**Work instruction:** Reproduce exactly the lines from the start of the records through the line containing "So in this session, you", both included. Leave the pictures out.

**Records for processing:**
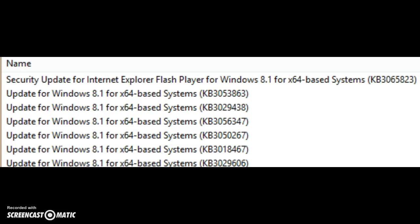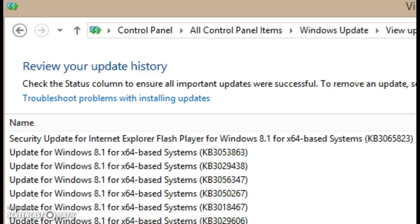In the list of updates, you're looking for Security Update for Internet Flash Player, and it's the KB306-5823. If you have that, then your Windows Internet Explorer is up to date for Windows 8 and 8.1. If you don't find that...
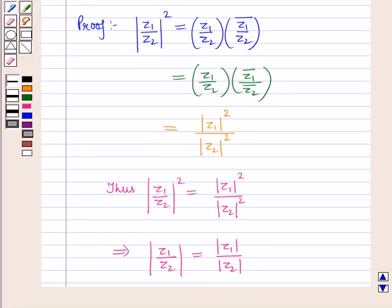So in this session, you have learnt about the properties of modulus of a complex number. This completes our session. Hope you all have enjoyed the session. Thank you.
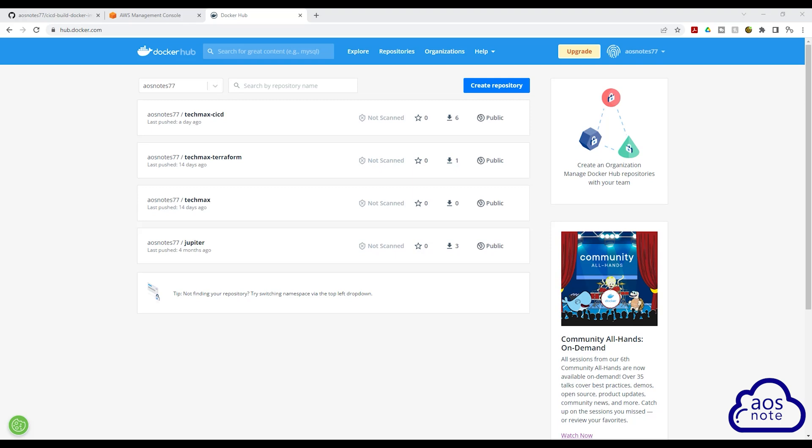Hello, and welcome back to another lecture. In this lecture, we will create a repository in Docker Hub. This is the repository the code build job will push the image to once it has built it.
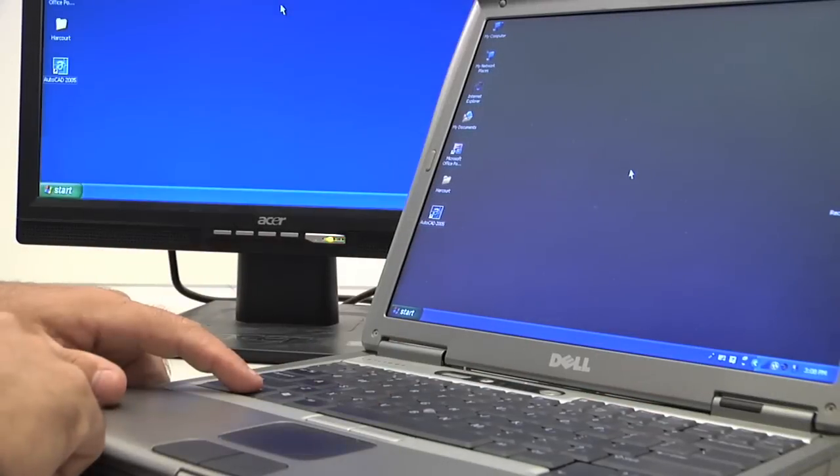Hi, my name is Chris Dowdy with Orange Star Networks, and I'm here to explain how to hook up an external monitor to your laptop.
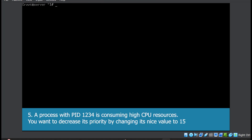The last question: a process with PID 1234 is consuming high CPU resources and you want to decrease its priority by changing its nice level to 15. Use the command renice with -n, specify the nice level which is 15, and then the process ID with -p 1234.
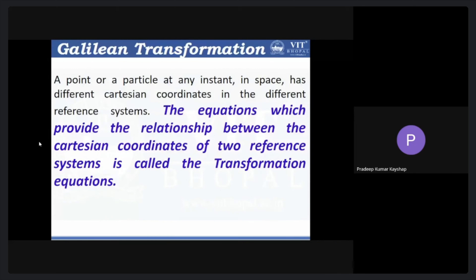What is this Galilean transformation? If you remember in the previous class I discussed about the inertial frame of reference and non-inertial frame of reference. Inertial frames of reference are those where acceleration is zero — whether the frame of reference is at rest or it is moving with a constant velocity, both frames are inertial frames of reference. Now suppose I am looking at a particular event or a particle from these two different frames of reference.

**Task answer:**
In the list of updates, you're looking for Security Update for Internet Flash Player, and it's the KB306-5823. If you have that, then your Windows Internet Explorer is up to date for Windows 8 and 8.1. If you don't find that...
So in this session, you have learnt about the properties of modulus of a complex number. This completes our session. Hope you all have enjoyed the session. Thank you.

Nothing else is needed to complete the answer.